» **Task**: Return nothing but the lines from the one containing "Etui et cartouchière" through the end of the records below, exactly as they stand and without pictures.

*** Supplied entries Section Begins ***

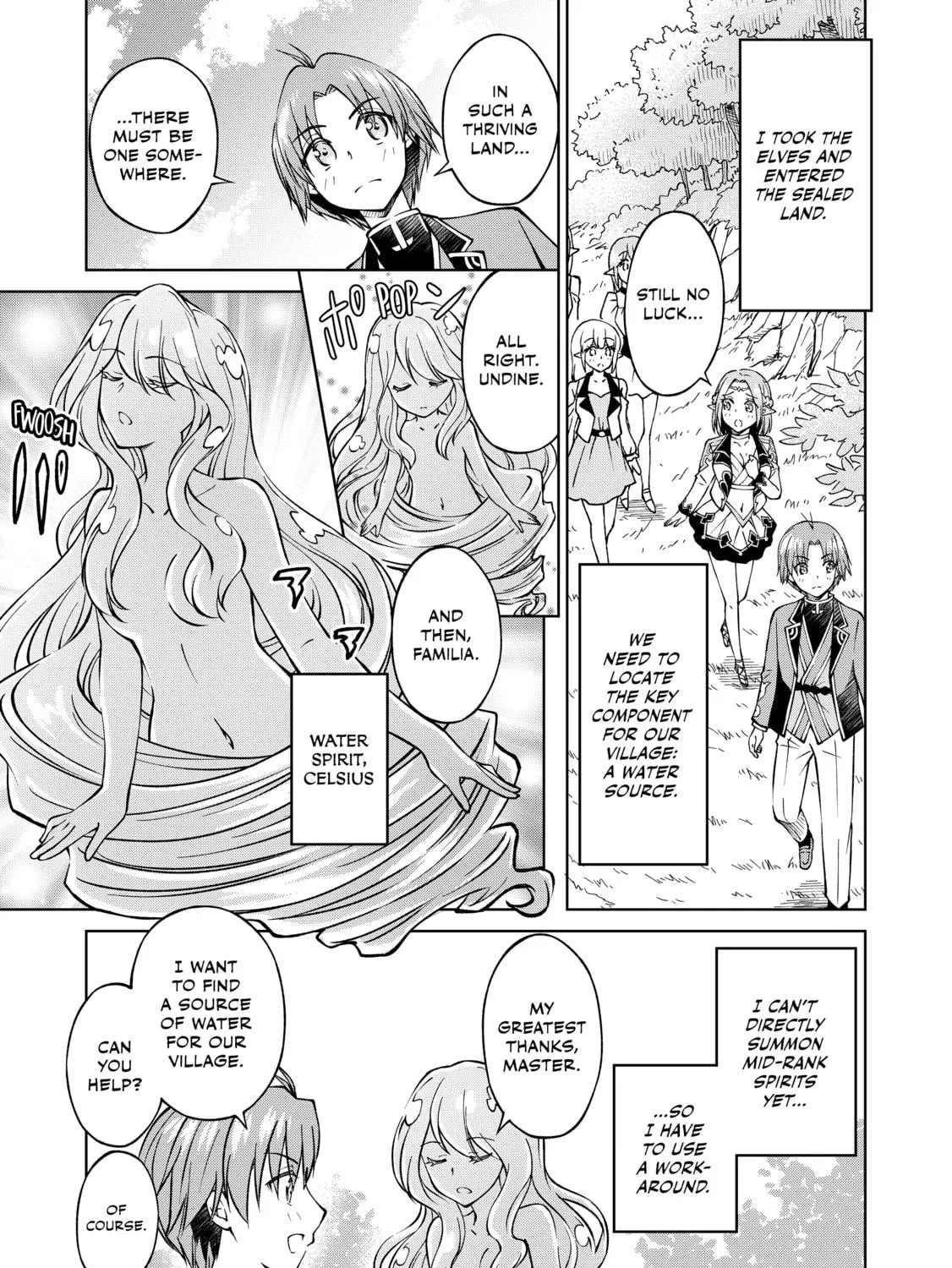 I Am a Noble About to Be Ruined, But Reached the Summit of Magic Because I Had a Lot of Free Time. Chapter 11 page 23 - 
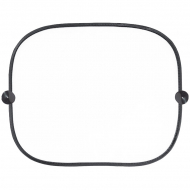 Sublimable Sunshade with Side Suction Cup - Pack of 2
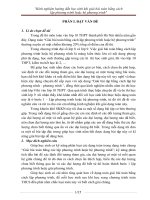 Skkn kinh nghiệm hướng dẫn học sinh khi giải bài toán bằng cách lập phương trình hoặc hệ phương trình 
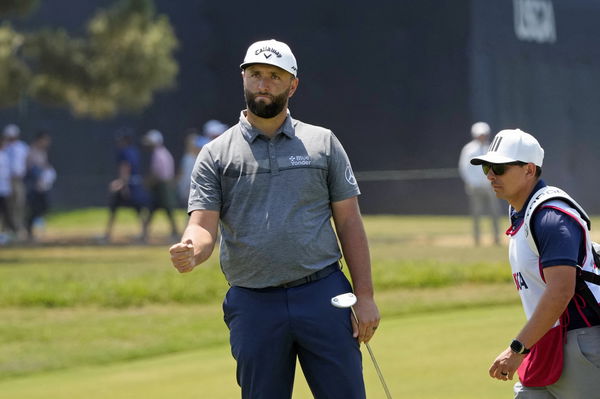 Who is Jon Rahm's caddie? Meet veteran PGA Tour looper Adam Hayes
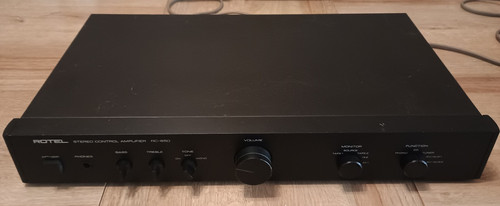 Rotel 850 stereo control - stereo,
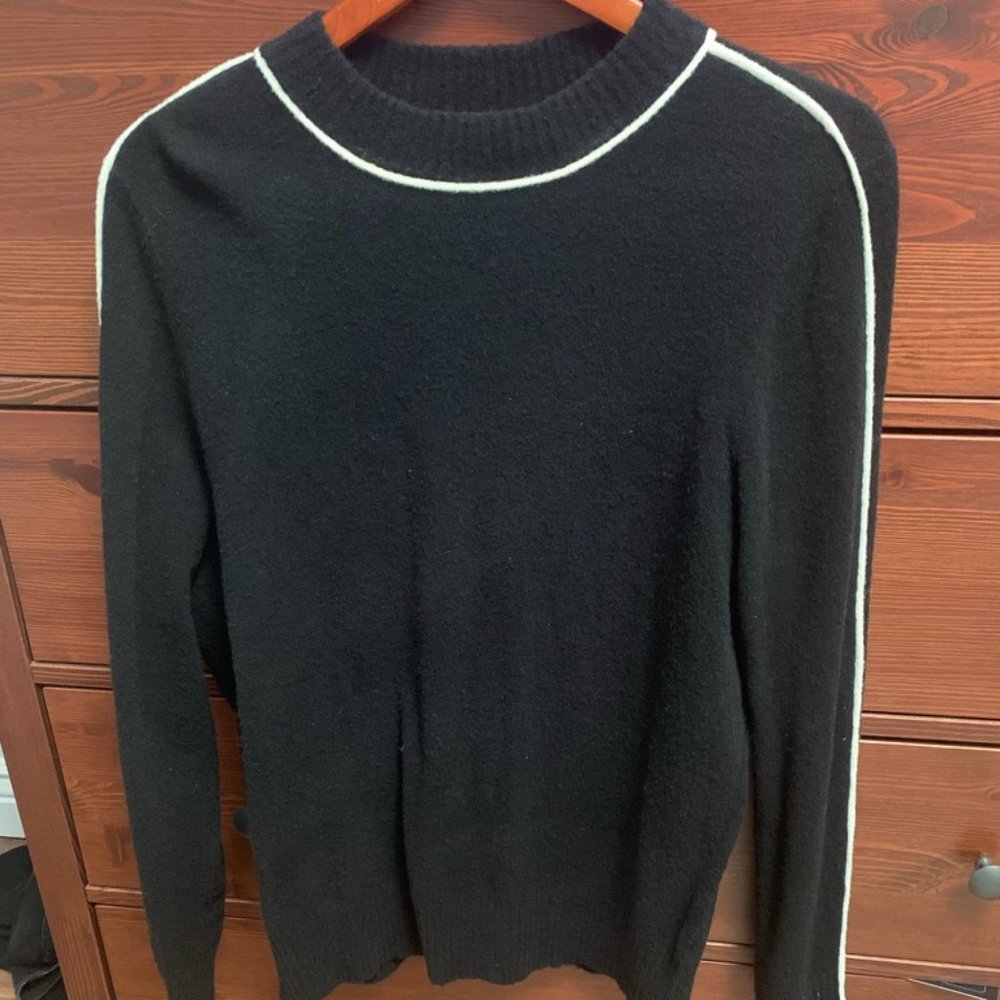 Black Athleta Sweater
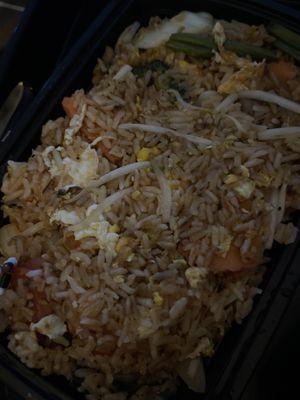 Thai fried rice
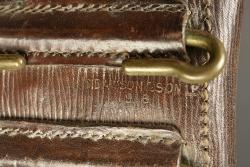 Etui et cartouchière de Webley pour tankiste ou mitrailleur anglais. Webley holster and ammunition pouch for British tanker or machine gunner — miniature 2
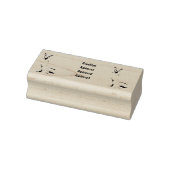 Afbeelding van de cartoon van sphynx-katten rubberstempel (Stempel)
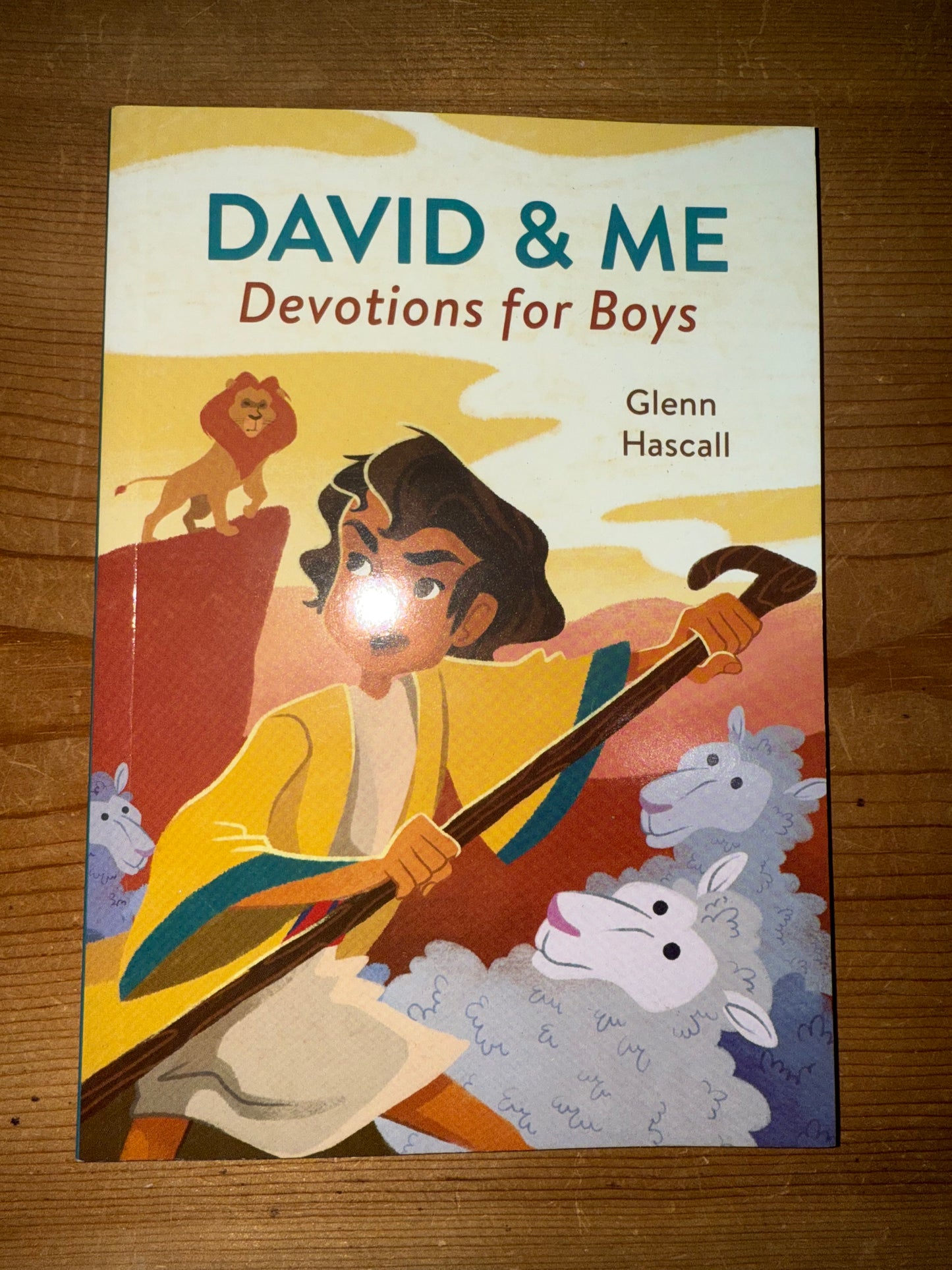 David and Me Devotional for Boys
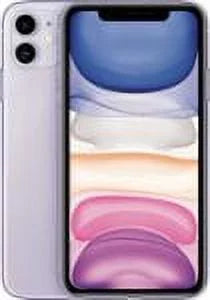 Pre-Owned Apple iPhone 11 64GB Purple (Metro ) (Refurbished: Good)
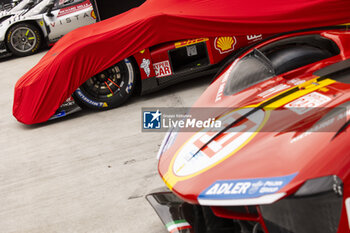 2024-02-25 - Ferrari AF Corse, Ferrari 499P #50 during the Prologue of the 2024 FIA World Endurance Championship, from February 24 to 26, 2024 on the Losail International Circuit in Lusail, Qatar - FIA WEC - PROLOGUE 2024 - QATAR - ENDURANCE - MOTORS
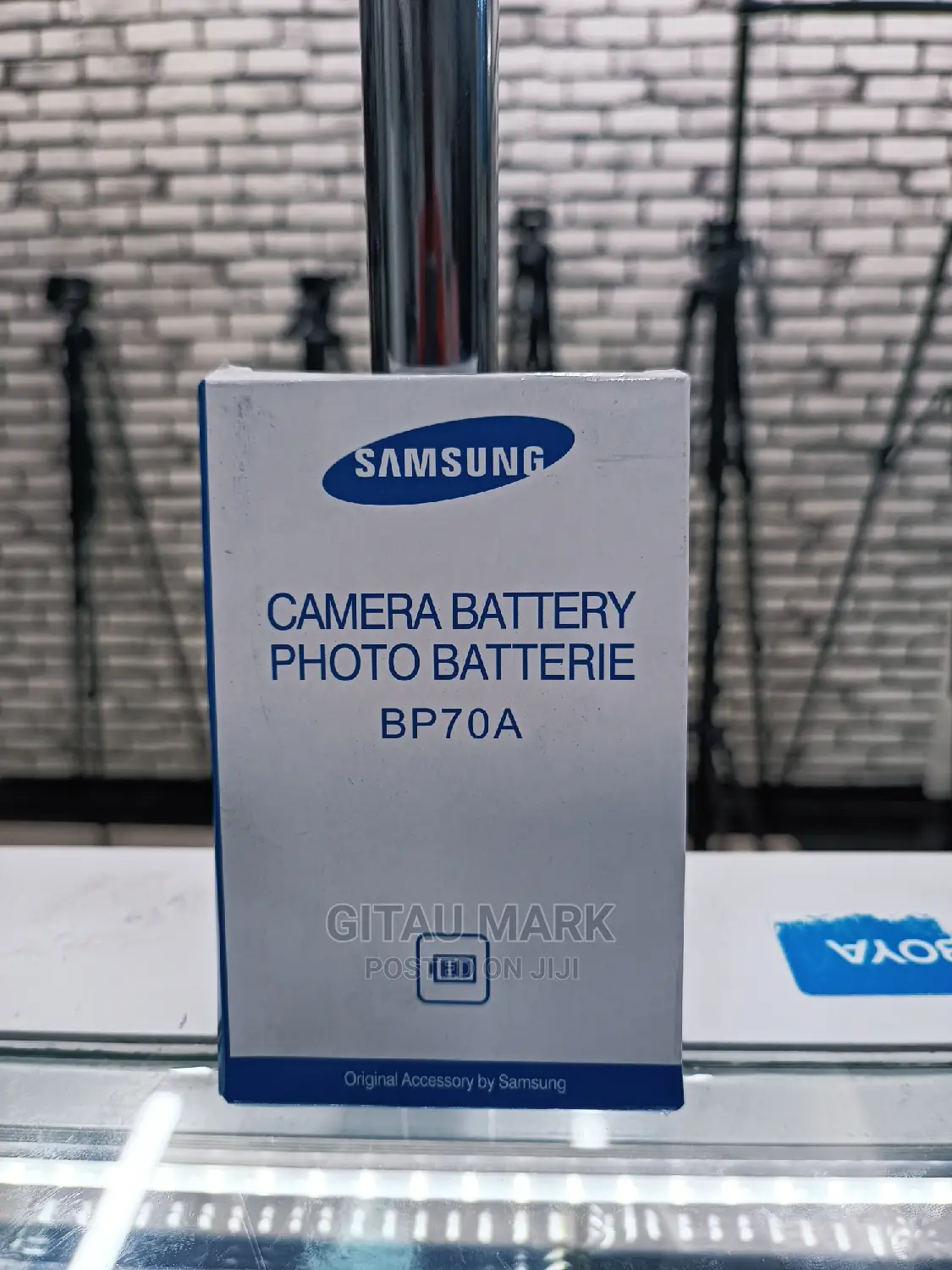 Samsung Bp 70a Battery for Select Samsung Cameras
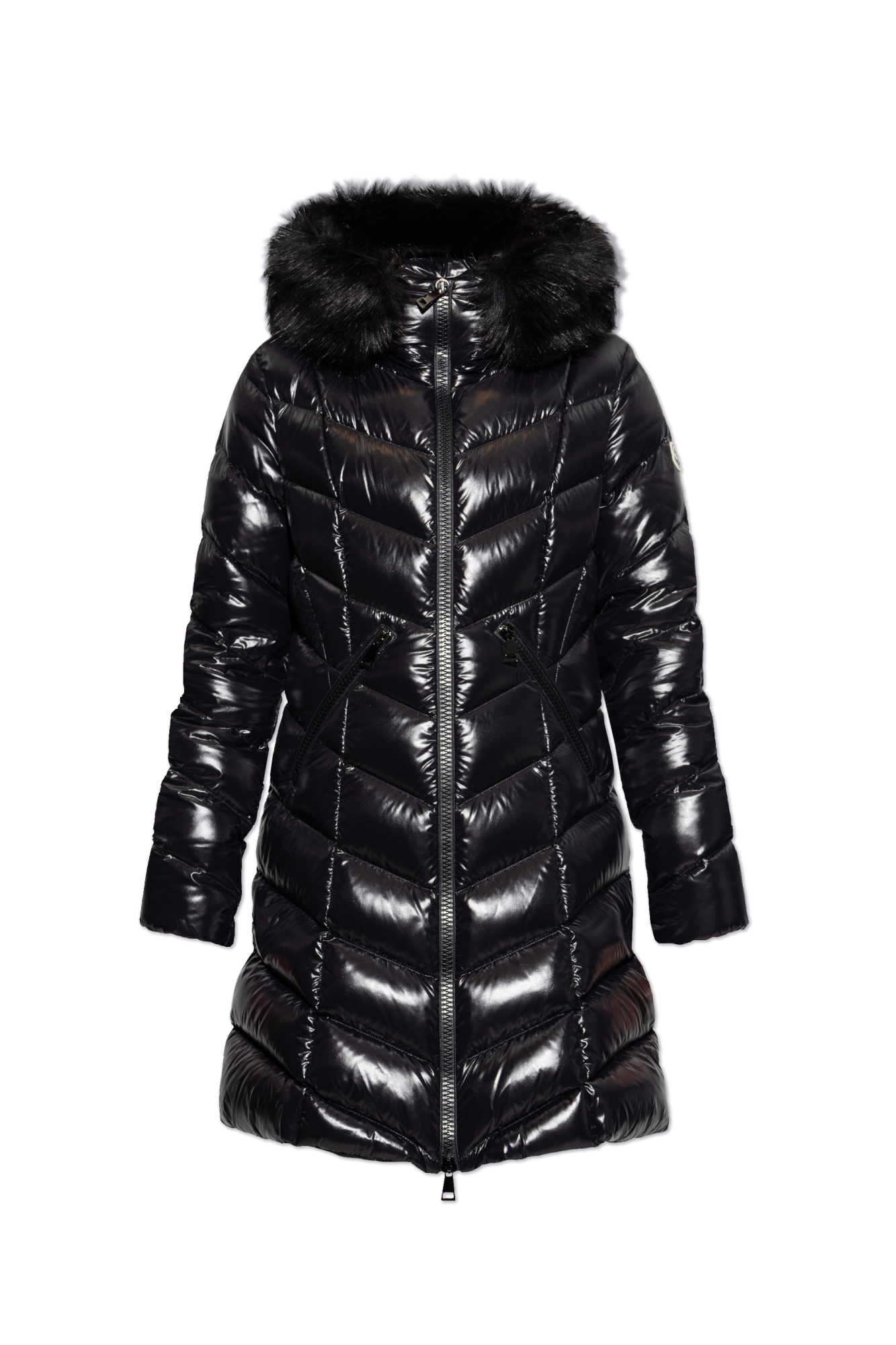 Schwarz Daunenmantel Boedic Moncler Vitkac Germany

*** Supplied entries Section Ends ***

» **Expected answer**:
 Etui et cartouchière de Webley pour tankiste ou mitrailleur anglais. Webley holster and ammunition pouch for British tanker or machine gunner — miniature 2
 Afbeelding van de cartoon van sphynx-katten rubberstempel (Stempel)
 David and Me Devotional for Boys
 Pre-Owned Apple iPhone 11 64GB Purple (Metro ) (Refurbished: Good)
 2024-02-25 - Ferrari AF Corse, Ferrari 499P #50 during the Prologue of the 2024 FIA World Endurance Championship, from February 24 to 26, 2024 on the Losail International Circuit in Lusail, Qatar - FIA WEC - PROLOGUE 2024 - QATAR - ENDURANCE - MOTORS
 Samsung Bp 70a Battery for Select Samsung Cameras
 Schwarz Daunenmantel Boedic Moncler Vitkac Germany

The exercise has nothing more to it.